Making Pose Representations More Expressive and Disentangled via Residual Vector Quantization
Sukhyun Jeong, Hong-Gi Shin, Yong-Hoon Choi

TL;DR
This paper introduces a novel residual vector quantization approach to enhance pose code representations, making them more expressive and disentangled for improved controllable 3D human motion generation.
Contribution
We propose augmenting pose code-based latent representations with continuous features using RVQ, balancing interpretability with capturing subtle motion details.
Findings
Reduced FID from 0.041 to 0.015 on HumanML3D
Improved Top-1 R-Precision from 0.508 to 0.510
Enhanced controllability for motion editing
Abstract
Recent progress in text-to-motion has advanced both 3D human motion generation and text-based motion control. Controllable motion generation (CoMo), which enables intuitive control, typically relies on pose code representations, but discrete pose codes alone cannot capture fine-grained motion details, limiting expressiveness. To overcome this, we propose a method that augments pose code-based latent representations with continuous motion features using residual vector quantization (RVQ).

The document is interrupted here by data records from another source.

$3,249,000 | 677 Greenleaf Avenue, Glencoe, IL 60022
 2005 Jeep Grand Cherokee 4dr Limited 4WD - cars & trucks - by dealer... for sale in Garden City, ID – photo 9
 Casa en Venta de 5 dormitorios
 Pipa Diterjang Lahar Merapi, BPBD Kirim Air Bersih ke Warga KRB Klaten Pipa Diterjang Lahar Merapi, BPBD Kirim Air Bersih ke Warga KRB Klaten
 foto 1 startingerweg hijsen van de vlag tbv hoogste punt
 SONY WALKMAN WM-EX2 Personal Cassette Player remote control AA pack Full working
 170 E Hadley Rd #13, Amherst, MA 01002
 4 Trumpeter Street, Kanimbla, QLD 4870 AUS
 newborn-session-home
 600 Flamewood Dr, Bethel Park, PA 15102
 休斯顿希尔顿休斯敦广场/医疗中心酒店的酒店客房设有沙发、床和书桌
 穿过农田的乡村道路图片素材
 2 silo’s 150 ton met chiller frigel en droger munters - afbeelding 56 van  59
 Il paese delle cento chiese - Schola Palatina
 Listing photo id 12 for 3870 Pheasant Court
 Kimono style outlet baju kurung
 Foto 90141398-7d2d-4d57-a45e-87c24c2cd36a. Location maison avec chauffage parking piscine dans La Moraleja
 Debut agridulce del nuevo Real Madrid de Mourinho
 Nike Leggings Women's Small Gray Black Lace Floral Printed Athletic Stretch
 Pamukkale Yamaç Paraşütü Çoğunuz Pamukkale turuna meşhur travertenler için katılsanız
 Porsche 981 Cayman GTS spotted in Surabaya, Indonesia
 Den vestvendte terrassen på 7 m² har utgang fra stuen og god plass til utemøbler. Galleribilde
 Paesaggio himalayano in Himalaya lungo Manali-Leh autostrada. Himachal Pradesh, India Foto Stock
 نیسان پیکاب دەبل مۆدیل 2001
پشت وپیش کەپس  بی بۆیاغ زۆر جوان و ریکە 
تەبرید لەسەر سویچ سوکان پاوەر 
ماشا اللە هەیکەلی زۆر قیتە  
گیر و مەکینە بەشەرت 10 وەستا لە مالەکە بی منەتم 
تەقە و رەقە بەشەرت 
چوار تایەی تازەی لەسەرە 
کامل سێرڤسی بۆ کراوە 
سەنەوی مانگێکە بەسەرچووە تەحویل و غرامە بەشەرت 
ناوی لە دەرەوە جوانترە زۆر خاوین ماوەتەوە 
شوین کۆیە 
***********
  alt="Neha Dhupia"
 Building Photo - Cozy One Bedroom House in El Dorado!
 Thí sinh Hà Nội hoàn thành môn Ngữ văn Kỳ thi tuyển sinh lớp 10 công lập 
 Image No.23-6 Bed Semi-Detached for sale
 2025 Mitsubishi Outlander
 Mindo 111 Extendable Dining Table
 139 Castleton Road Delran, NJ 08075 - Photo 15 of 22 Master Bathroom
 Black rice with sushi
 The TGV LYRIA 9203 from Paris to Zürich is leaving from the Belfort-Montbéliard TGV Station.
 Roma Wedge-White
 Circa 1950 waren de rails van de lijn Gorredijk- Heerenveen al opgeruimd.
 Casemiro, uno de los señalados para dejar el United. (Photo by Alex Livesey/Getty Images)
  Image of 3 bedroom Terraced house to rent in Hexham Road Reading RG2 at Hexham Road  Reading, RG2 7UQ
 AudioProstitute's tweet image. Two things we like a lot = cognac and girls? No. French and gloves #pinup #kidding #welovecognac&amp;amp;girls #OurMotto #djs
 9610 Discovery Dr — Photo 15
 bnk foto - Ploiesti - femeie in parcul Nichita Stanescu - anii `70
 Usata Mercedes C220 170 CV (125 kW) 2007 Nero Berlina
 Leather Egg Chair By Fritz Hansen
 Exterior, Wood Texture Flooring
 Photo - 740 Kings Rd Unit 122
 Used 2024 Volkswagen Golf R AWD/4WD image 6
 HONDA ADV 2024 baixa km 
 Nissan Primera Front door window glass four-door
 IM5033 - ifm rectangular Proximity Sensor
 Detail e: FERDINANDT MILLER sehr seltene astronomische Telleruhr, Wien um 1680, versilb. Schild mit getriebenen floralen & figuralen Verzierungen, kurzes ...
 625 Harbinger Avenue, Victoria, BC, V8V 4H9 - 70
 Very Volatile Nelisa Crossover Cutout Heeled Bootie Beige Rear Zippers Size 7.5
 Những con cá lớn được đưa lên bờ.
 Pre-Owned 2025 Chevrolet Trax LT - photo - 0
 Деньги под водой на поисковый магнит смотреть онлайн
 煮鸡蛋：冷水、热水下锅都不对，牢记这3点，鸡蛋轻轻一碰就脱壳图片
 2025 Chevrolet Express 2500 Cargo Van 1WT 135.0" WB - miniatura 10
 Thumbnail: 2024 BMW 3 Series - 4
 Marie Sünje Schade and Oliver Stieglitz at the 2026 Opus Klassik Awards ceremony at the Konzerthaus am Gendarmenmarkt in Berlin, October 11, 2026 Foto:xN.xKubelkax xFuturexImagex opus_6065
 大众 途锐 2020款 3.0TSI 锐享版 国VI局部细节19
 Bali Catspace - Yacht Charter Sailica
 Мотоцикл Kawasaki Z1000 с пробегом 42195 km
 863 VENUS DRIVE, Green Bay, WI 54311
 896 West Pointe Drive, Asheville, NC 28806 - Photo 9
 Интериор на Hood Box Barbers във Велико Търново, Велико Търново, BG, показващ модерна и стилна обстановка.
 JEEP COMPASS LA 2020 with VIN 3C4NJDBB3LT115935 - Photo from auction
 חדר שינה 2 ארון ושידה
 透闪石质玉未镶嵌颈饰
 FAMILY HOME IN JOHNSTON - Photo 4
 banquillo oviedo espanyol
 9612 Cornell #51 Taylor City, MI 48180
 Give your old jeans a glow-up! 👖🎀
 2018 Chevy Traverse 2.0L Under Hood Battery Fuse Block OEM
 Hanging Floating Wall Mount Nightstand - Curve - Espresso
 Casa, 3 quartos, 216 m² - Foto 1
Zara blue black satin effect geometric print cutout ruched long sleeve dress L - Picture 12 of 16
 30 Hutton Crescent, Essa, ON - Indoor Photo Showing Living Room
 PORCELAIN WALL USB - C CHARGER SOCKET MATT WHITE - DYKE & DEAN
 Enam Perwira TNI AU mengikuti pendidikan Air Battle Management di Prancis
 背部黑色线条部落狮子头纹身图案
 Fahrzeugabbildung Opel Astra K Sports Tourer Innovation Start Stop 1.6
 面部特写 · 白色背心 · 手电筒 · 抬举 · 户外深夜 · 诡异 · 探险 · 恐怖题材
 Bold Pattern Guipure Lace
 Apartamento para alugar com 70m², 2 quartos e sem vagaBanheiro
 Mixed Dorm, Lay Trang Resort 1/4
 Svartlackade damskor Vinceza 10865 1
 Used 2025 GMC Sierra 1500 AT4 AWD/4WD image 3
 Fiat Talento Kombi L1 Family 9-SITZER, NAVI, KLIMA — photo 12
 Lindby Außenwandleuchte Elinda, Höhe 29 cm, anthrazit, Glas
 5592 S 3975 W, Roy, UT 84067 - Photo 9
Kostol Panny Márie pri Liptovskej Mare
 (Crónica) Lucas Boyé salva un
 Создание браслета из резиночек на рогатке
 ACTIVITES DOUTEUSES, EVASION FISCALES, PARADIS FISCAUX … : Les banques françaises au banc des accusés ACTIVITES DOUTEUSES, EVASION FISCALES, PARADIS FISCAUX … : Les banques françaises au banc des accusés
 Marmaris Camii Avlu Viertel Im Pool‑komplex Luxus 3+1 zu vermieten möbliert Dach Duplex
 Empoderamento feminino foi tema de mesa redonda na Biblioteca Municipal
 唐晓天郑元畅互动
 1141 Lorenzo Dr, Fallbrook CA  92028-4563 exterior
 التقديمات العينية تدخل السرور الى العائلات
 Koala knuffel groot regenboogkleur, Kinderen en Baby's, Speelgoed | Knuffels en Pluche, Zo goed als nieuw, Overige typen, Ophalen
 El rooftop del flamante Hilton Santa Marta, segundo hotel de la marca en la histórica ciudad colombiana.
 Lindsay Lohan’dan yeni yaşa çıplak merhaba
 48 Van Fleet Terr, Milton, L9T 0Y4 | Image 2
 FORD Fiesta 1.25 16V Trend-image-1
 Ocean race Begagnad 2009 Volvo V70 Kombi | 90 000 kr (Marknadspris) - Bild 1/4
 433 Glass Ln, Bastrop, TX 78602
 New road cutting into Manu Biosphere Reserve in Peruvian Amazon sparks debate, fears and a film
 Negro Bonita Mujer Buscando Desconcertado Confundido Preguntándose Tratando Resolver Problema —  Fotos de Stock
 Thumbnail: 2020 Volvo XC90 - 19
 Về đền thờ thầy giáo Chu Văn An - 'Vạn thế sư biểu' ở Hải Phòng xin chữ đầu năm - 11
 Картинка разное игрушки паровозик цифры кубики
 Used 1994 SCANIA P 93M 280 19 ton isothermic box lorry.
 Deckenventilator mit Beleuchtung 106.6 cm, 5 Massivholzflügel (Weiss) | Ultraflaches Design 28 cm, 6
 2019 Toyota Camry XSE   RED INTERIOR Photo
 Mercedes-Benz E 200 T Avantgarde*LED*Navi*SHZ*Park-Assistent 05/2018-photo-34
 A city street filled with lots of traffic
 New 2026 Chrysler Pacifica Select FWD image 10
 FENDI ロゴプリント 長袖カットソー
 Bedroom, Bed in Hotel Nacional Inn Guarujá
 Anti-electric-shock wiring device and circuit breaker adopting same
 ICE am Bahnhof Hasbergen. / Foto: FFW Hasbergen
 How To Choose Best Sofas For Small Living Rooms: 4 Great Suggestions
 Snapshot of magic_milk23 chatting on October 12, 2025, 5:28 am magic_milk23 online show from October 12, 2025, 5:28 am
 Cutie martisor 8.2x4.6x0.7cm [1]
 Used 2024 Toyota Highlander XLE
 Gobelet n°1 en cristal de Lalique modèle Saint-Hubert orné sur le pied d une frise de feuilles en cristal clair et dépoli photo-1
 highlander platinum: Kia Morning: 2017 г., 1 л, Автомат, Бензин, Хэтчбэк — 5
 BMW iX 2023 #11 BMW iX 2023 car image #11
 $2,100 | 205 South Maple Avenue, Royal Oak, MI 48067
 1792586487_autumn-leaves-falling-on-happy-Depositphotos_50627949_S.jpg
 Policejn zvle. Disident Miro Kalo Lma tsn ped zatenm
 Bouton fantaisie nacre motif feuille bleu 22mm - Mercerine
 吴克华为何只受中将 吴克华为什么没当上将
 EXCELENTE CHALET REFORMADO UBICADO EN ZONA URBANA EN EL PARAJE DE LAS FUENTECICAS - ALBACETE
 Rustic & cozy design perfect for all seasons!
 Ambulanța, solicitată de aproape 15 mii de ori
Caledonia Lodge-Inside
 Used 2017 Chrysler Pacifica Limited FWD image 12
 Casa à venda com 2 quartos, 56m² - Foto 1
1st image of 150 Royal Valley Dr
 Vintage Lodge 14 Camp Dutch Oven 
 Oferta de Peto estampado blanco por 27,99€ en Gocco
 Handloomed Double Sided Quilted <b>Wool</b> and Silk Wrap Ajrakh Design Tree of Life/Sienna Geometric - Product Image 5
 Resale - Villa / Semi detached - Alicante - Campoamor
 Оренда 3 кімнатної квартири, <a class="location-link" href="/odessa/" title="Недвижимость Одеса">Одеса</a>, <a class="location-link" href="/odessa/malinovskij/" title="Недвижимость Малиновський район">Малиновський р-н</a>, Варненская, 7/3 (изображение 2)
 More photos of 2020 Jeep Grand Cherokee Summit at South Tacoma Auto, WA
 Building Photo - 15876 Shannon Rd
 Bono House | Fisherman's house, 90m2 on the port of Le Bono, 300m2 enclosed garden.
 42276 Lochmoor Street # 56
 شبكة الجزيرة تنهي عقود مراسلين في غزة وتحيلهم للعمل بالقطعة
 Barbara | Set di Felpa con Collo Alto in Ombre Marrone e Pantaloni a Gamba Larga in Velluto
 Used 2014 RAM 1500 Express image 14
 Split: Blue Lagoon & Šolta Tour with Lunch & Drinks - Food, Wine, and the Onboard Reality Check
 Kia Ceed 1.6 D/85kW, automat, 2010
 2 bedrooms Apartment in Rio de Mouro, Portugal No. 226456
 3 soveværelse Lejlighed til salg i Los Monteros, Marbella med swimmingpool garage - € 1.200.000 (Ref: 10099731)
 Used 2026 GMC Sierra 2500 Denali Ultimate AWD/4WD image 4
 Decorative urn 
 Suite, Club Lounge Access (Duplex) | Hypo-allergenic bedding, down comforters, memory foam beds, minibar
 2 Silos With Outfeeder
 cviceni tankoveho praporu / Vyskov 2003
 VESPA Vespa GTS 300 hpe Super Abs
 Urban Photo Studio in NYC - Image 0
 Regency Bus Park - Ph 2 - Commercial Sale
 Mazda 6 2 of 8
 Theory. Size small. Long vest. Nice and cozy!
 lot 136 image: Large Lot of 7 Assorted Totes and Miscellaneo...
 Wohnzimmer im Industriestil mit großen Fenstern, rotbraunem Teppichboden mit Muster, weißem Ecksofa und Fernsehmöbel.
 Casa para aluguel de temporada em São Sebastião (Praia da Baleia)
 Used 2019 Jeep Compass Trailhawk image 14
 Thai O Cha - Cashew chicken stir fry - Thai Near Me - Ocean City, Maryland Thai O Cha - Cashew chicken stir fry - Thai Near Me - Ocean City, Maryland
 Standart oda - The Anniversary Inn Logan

This design preserves the interpretability and manipulability of pose codes while effectively capturing subtle motion characteristics such as high-frequency details. Experiments on the HumanML3D dataset show that our model reduces Frechet inception distance (FID) from 0.041 to 0.015 and improves Top-1 R-Precision from 0.508 to 0.510. Qualitative analysis of pairwise direction similarity between pose…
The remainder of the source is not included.